Problem requirements — Lines from the records below that contain the word "with" are to be copied out.

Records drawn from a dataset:
——————————

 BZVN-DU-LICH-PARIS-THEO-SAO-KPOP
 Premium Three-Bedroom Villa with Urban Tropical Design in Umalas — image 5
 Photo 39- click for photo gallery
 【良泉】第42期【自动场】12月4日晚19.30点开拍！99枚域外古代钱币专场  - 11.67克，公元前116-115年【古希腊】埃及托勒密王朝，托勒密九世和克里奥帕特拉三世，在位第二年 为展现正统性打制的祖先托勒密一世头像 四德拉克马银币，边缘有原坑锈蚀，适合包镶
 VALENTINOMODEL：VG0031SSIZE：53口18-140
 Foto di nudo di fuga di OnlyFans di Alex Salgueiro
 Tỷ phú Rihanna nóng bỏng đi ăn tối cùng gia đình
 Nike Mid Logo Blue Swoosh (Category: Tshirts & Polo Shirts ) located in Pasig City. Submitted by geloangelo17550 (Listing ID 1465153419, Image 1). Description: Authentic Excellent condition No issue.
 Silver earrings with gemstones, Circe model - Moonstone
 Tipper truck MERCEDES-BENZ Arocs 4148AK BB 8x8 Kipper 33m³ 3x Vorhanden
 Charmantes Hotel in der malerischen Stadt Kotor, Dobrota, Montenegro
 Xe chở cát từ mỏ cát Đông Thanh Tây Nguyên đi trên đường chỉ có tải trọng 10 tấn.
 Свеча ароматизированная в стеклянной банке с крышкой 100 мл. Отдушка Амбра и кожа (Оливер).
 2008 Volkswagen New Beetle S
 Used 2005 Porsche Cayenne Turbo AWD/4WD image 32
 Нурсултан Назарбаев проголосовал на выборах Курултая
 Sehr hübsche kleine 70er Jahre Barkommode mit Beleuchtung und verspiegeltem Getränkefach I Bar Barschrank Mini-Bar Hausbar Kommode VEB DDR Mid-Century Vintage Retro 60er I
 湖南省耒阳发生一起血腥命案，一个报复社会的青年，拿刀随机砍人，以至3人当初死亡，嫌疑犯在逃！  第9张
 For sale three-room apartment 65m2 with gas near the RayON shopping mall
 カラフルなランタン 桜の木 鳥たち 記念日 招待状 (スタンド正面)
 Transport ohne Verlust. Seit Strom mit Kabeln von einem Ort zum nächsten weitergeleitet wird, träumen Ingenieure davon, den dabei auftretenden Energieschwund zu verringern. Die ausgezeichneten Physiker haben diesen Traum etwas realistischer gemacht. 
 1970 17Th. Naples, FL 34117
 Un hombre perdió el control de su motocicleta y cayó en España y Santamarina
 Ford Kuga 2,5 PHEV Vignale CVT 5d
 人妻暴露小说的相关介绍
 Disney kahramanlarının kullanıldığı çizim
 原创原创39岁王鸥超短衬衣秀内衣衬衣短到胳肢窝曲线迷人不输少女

——————————

Response —
 Premium Three-Bedroom Villa with Urban Tropical Design in Umalas — image 5
 Silver earrings with gemstones, Circe model - Moonstone
 For sale three-room apartment 65m2 with gas near the RayON shopping mall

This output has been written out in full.